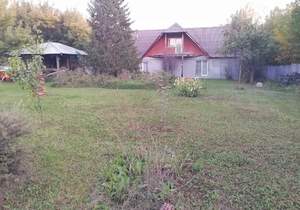 Дом 260м&sup2;, 2-этажный, участок 11 сот.  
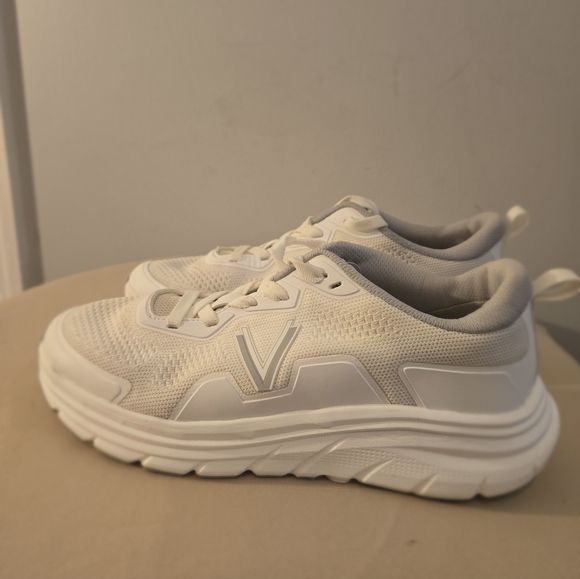 Vionic Women's Walker Walk Max Lace Up– SZ 9/EU 40 - Picture 10 of 11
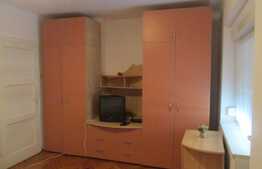 Apartament 2 camere, 57 mp, prima inchiriere, loc de parcare, zona strazii Horea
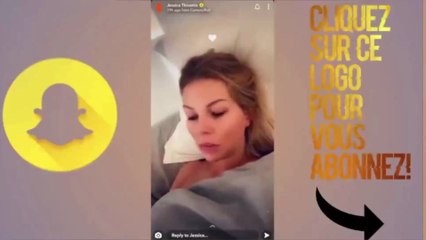 Les Marseillais : Jessica Thévenin parle de son opération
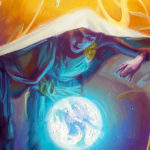 Magnetosphere by Rob Rey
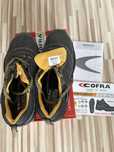 Buty robocze nowe COFRA rozmiar 42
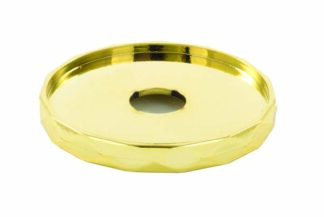 DIAMOND EDGE LID - 45mm DIA (replaces VL004G)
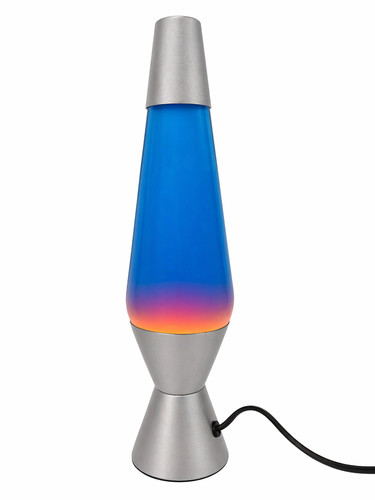 Lava bewegliche lampe - lava,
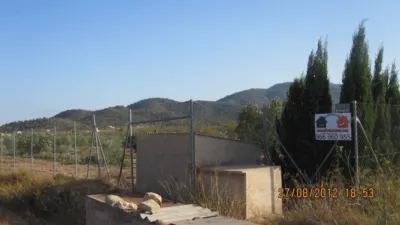 Terreno en venta en Madara - Vista 3
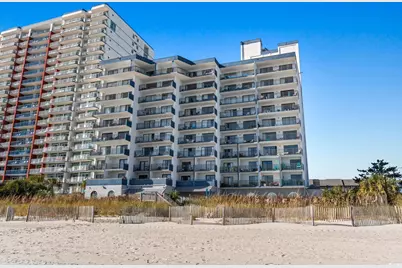 2001 S Ocean Blvd. #1010, Myrtle Beach, SC 29577 - Photo 31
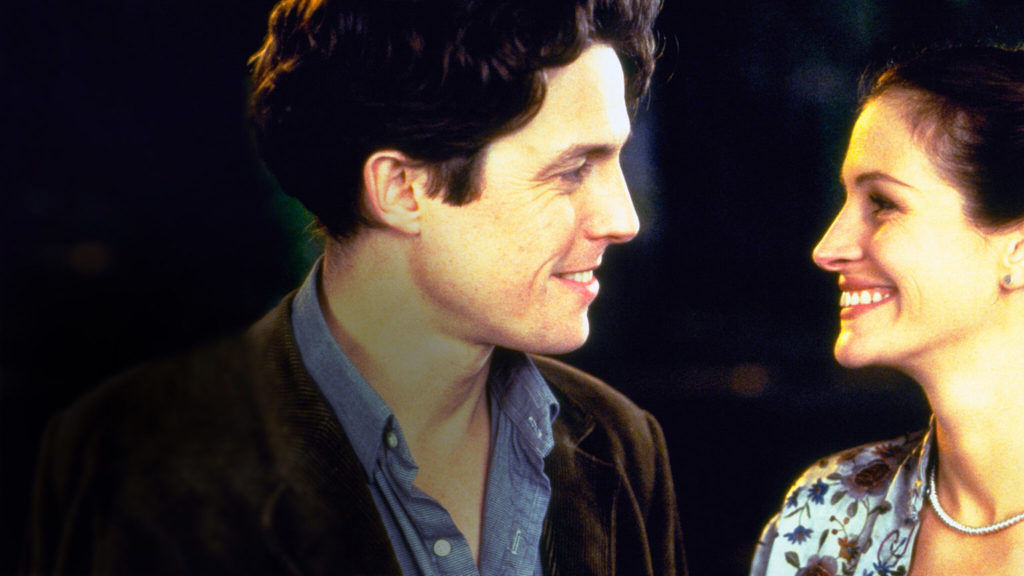 romantic comedies on netflix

# Work request
Write out exactly the lines from the line holding "Magnetosphere by Rob Rey" through the last line of the records above, inclusive, and nothing more. Leave out the pictures.

# Task result
 Magnetosphere by Rob Rey
 Buty robocze nowe COFRA rozmiar 42
 DIAMOND EDGE LID - 45mm DIA (replaces VL004G)
 Lava bewegliche lampe - lava,
 Terreno en venta en Madara - Vista 3
 2001 S Ocean Blvd. #1010, Myrtle Beach, SC 29577 - Photo 31
 romantic comedies on netflix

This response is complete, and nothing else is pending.